**Task to carry out:**
Only the lines that contain the string "antibody" belong in the answer; pull them from the records.

**Dataset items:**

=== Begin Enclosure ===

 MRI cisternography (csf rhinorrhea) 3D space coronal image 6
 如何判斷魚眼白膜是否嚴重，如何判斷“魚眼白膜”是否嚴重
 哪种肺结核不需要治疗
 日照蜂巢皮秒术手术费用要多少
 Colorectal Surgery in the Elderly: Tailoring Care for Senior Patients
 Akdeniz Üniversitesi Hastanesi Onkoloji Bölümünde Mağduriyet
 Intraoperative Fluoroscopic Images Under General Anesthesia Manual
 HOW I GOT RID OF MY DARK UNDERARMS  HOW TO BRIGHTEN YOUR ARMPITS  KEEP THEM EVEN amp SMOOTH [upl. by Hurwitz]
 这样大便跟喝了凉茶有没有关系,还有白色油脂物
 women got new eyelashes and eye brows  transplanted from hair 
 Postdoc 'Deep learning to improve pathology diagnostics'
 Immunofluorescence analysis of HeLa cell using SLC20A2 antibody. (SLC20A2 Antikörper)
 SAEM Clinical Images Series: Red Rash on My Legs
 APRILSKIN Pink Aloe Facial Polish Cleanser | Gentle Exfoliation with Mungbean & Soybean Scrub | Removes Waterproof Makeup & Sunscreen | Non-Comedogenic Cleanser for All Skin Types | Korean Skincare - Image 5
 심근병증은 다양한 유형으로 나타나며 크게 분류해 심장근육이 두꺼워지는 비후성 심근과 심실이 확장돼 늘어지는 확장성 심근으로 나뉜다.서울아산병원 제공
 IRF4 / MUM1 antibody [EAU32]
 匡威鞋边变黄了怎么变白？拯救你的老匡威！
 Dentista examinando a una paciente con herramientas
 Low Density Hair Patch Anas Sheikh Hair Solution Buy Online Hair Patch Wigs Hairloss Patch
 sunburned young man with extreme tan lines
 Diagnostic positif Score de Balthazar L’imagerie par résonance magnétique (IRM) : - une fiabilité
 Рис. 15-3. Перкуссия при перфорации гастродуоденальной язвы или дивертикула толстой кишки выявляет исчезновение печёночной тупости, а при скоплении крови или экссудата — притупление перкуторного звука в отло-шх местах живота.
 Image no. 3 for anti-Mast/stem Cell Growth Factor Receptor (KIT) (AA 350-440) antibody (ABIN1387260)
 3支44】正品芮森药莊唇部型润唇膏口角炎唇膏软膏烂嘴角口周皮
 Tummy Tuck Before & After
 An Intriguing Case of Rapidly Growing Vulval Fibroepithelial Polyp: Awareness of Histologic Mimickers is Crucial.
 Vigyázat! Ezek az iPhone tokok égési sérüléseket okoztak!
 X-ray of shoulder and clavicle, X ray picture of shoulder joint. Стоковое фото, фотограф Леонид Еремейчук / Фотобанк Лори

=== End Enclosure ===

**Task solution:**
 Immunofluorescence analysis of HeLa cell using SLC20A2 antibody. (SLC20A2 Antikörper)
 IRF4 / MUM1 antibody [EAU32]
 Image no. 3 for anti-Mast/stem Cell Growth Factor Receptor (KIT) (AA 350-440) antibody (ABIN1387260)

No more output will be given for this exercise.